Embora com certo atraso, os operadores jurídicos brasileiros começam a se dar conta de que também o Direito Civil deve ser analisado sob a perspectiva imposta pela Constituição, sobretudo quando se trata dos direitos subjetivos fundamentais, que, alicerçados na liberdade, tendem a colidir e efetivamente colidem, tanto quanto acontece com os direitos subjetivos públicos, o que obriga a utilização do princípio da proporcionalidade como única forma de controle desse tipo de conflito.
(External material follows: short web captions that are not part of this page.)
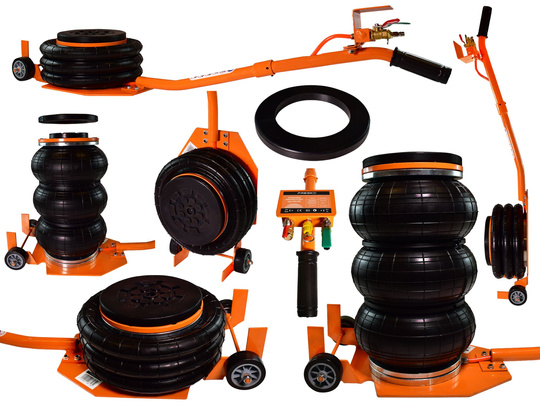 Podnośnik pneumatyczny poduszkowy poduszka bałwanek 3,5T + guma w zestawie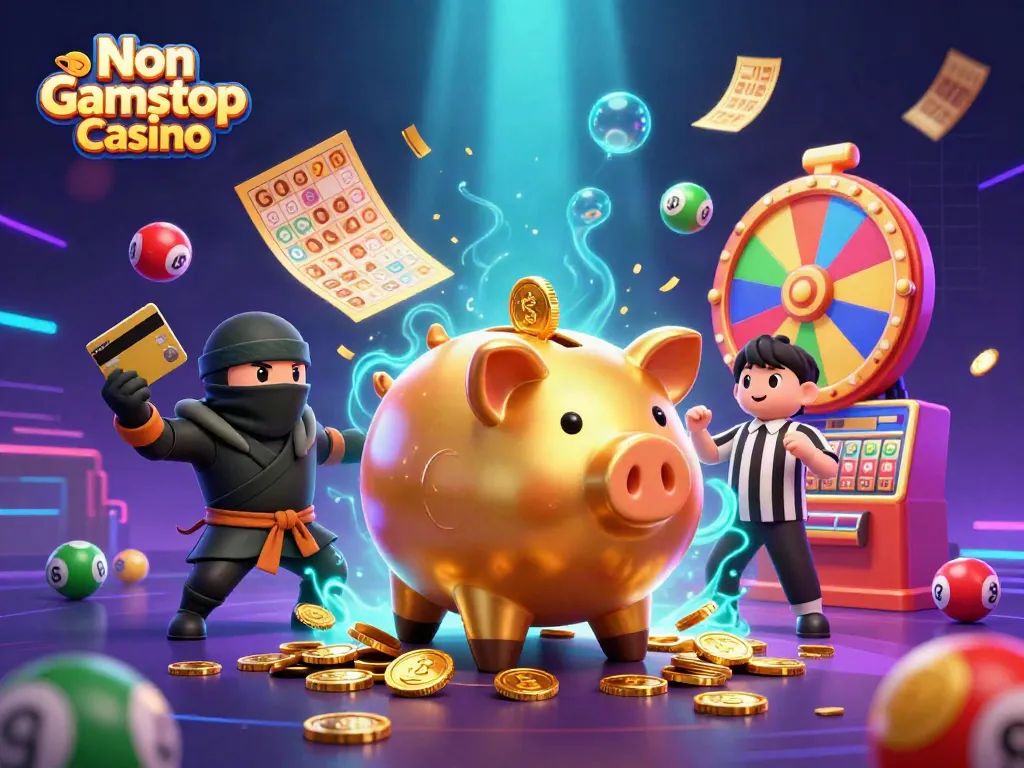 Experience vibrant action in a Non Gamstop Casino with unique characters and colorful gaming elements.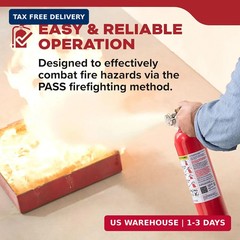 Kidde FA110G Multi Purpose Fire Extinguisher, Wall Mount, for Home/Office/Dorm/R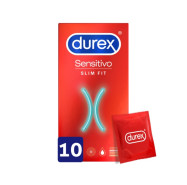 DUREX SENSITIVO PRESERV SLIM FIT X10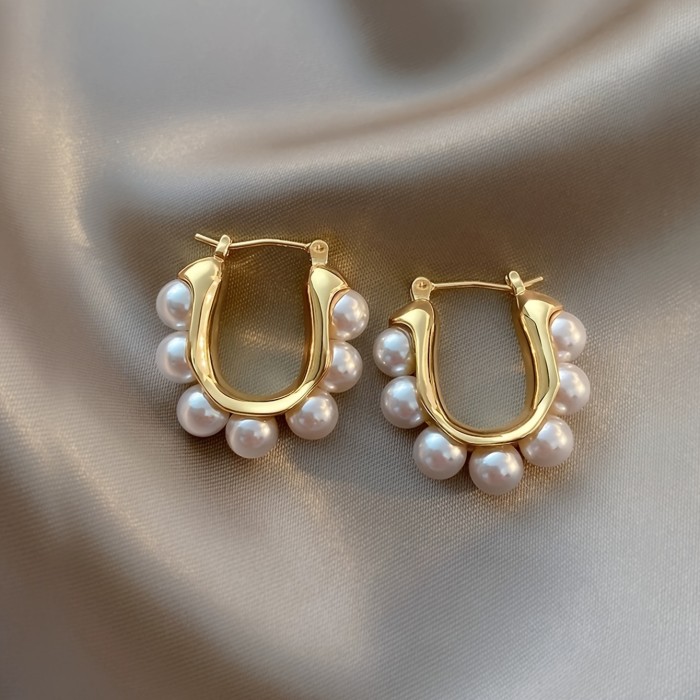 Personality Exquisite Hoop Earrings for Casual Dates and Friend Gatherings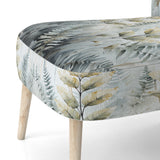 Green Ferns Golden Oasis - Modern Arm Chair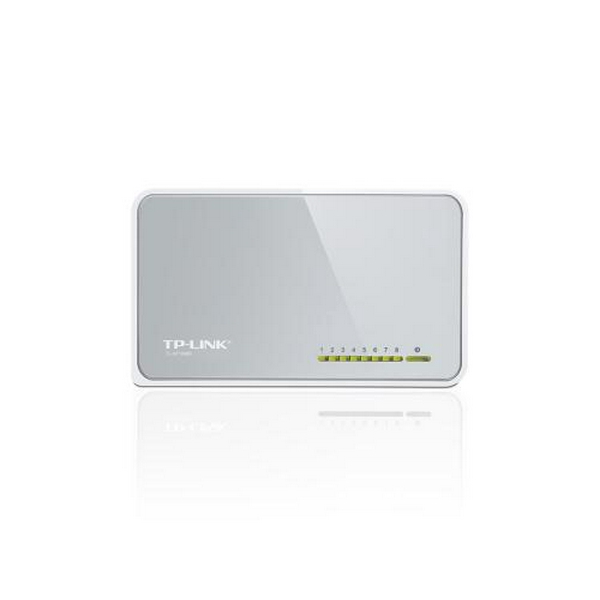 Комутатор TP-LINK TL-SF1008D, White/Gray, 8-портовий, 10/100 Мбіт/с, некерований, пластиковий корпус - 2
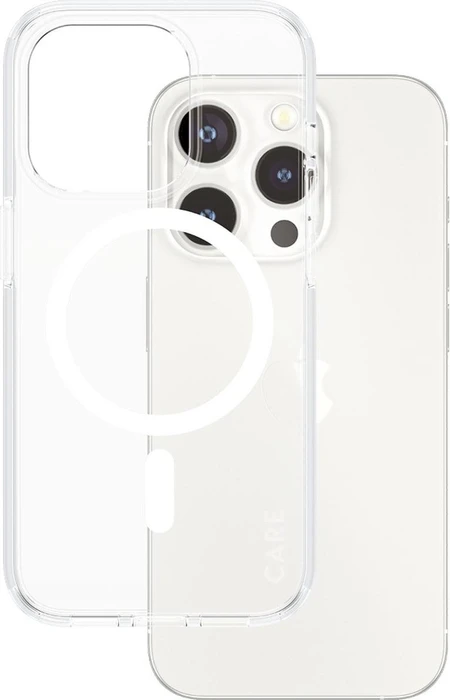 PanzerGlass Care Flagship Case Urban Combat MagSafe für Apple iPhone 15 Pro weiß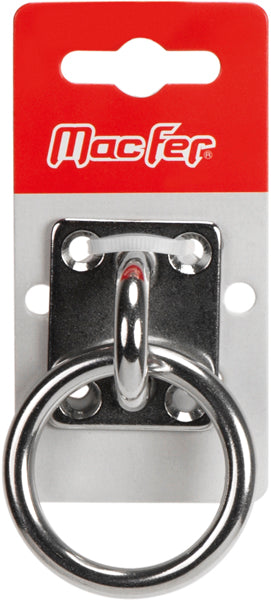 Perno en "U" de acero inoxidable Macfer (OM13-BL) con placa y anillo AISI316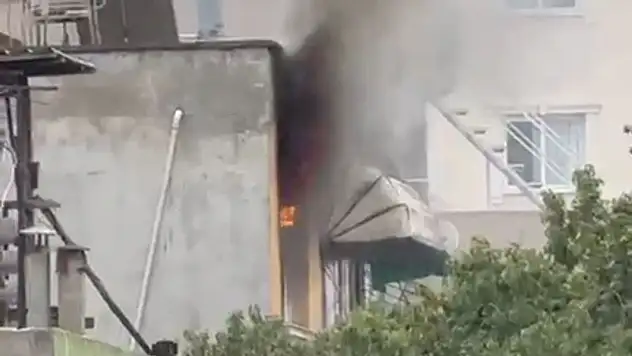 Adana'da bir evde yangın çıktı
Assim, por exemplo, a liberdade de contratar, a liberdade de testar, e a liberdade de fixar ou moldar um regime patrimonial de casamento.
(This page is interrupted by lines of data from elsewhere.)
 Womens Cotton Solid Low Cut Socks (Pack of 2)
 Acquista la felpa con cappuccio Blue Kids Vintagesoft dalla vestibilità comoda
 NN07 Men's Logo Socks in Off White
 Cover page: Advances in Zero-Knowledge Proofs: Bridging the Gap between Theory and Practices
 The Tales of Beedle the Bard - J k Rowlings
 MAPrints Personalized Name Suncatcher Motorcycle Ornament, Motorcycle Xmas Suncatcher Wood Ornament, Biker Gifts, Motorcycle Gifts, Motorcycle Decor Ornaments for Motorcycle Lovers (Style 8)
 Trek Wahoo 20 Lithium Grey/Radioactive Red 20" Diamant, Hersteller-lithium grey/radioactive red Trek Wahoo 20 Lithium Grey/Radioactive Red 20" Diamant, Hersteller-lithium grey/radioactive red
Se considerarmos que desde a década de oitenta os civilistas na Alemanha, conduzidos por CLAUS-WILLELM CANARIS, perceberam que sobre as normas do Código Civil devem ser aplicadas as normas constitucionais que preveem os direitos fundamentais, atuando essas normas constitucionais como importante material hermenêutico, e que essa posição doutrinária foi logo em seguida incorporada à jurisprudência do Tribunal Constitucional alemão, podemos então dizer que o Brasil registra um considerável atraso na compreensão de que os direitos subjetivos previstos no Código Civil devem ter seu conteúdo e alcance fixados com base no conteúdo e alcance a serem extraídos das normas que preveem os direitos fundamentais.
Mas a notícia é alvissareira: o atraso está aos poucos a ser eliminado, como comprova o fato de que o Supremo Tribunal Federal irá em breve analisar a “constitucionalidade” da norma do Código Civil que impõe como obrigatória a adoção do regime de separação de bens às pessoas com mais de setenta anos de idade.
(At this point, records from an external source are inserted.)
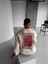Erkek Oversize Desen Yamalı Sweatshirt Açık Bej 3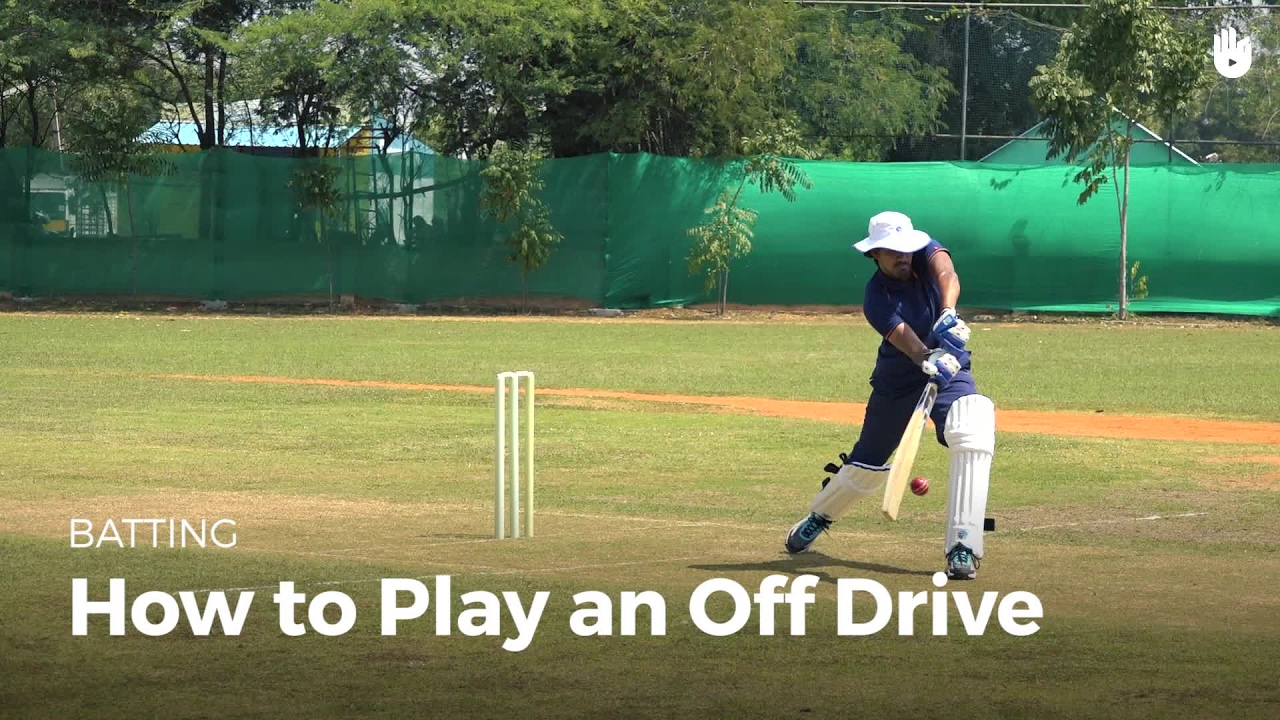 How to Play an Off Drive | Cricket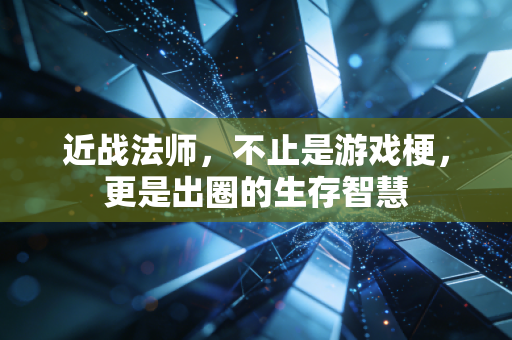 近战法师，不止是游戏梗，更是出圈的生存智慧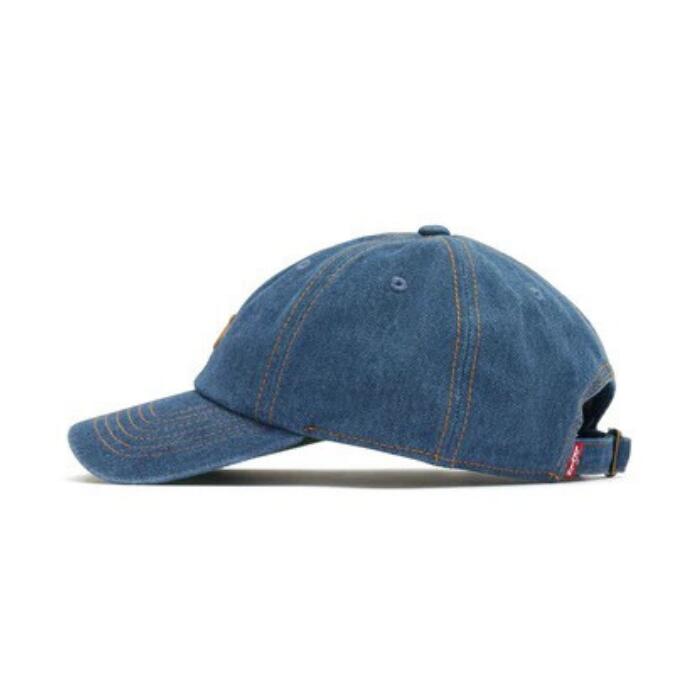 Levi’sリーバイスメンズレディースデニムモノグラムキャップ帽子ユニセックス男女兼用綿100％コットンインディゴブルー青丈夫頑丈ワンサイズ普段使い旅行通勤通学経年変化アクセント004bs0002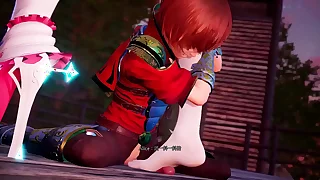 under the witch alice footjob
O leitor certamente obtemperará que o controle de constitucionalidade é feito no Brasil desde sempre, mais precisamente desde as luminosas ideias de Rui Barbosa e que tinham base no direito norte-americano. Mas o arguto leitor também observará que o termo “constitucionalidade” foi colocado entre aspas, porque se deve observar que, além do controle de constitucionalidade, ou seja, se a norma do Código Civil que fixa como obrigatório o regime da separação de bens é consentânea com o Direito positivo brasileiro, outro controle que o STF poderá e deverá fazer é se, definida a constitucionalidade dessa norma legal, aplicando, então, o princípio constitucional da proporcionalidade, se a norma do Código Civil não estaria a invadir, mais do que seria justo, a liberdade do contraente com mais de setenta anos. Em suma: declarada a constitucionalidade da norma do Código Civil, reconhece-se como válida a posição estatal (da Lei) em fixar como obrigatório o regime de separação; em seguida, analisar-se-á então o conflito entre duas posições jurídicas e dos interesses correspondentes: a do contraente em não querer casar-se sob o regime da separação de bens, e a posição do Estado em querer obrigá-lo a casar sob esse regime. Entram em operação as formas de controle enfeixados no princípio da proporcionalidade, em especial a ponderação de bens.
Lembre-se, por fim, que o princípio da proporcionalidade é sempre aplicado de acordo com as circunstâncias do caso em concreto, diferentemente do que se dá com a questão da constitucionalidade.